### WHAT TO PRODUCE
In the records that follow, find the line containing "Vintage high rise Levi’s size 28" and the line containing "Building Photo - 16015 Jaime Knoll Ln", then transcribe both and every line between them exactly, omitting pictures.

### RECORDS PROVIDED
———

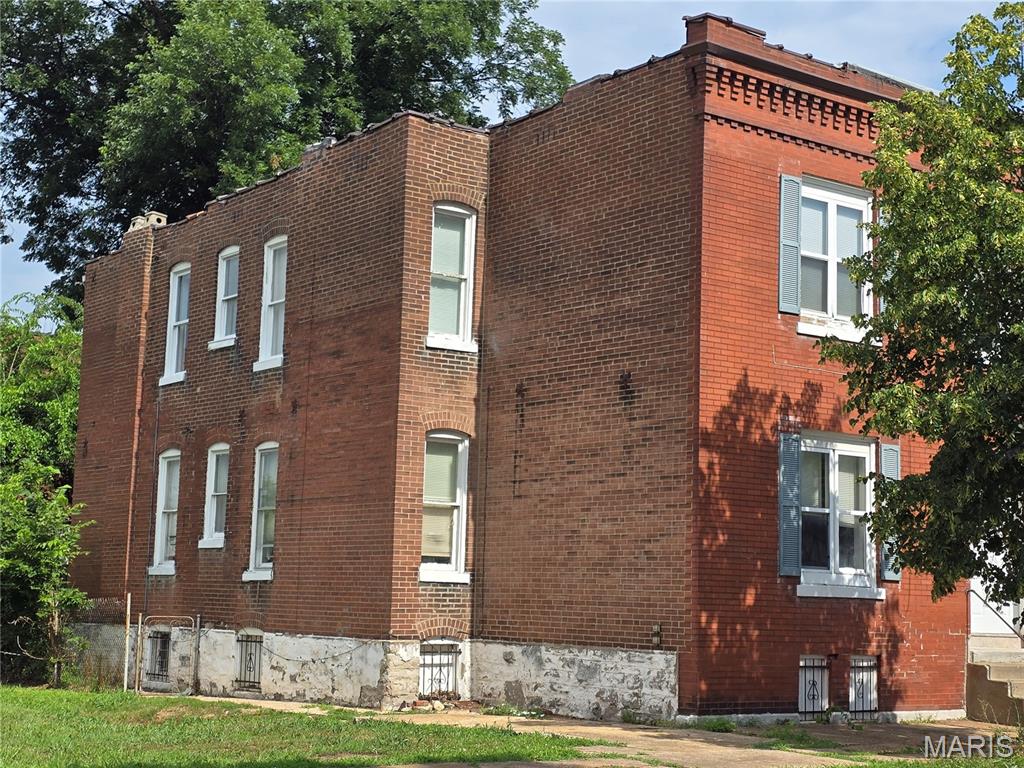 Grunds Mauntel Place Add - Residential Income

———

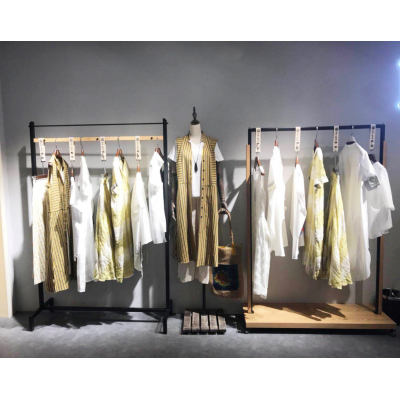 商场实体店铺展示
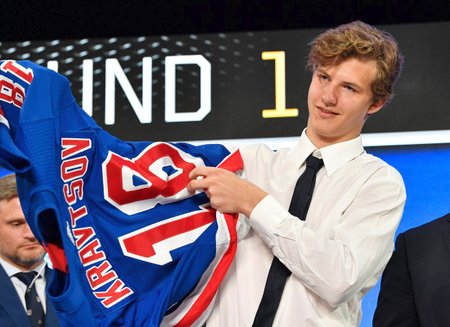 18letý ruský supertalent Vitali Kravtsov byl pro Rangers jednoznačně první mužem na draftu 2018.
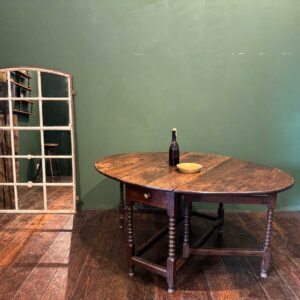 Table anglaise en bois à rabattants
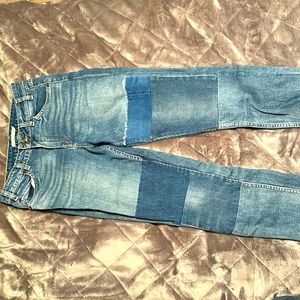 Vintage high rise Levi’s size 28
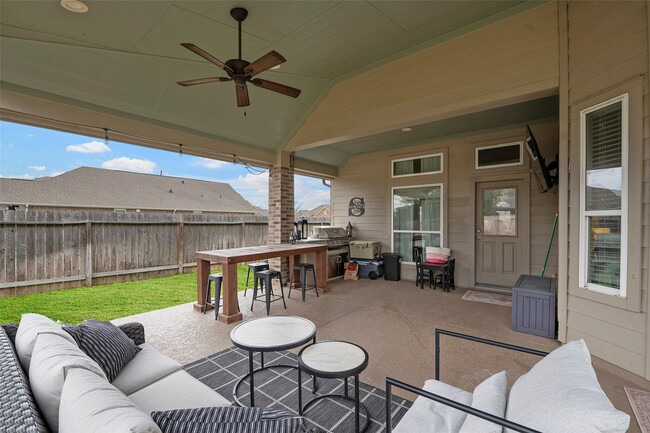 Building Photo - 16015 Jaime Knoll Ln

———

### SOLUTION FOR THIS EXERCISE
 Vintage high rise Levi’s size 28
 Building Photo - 16015 Jaime Knoll Ln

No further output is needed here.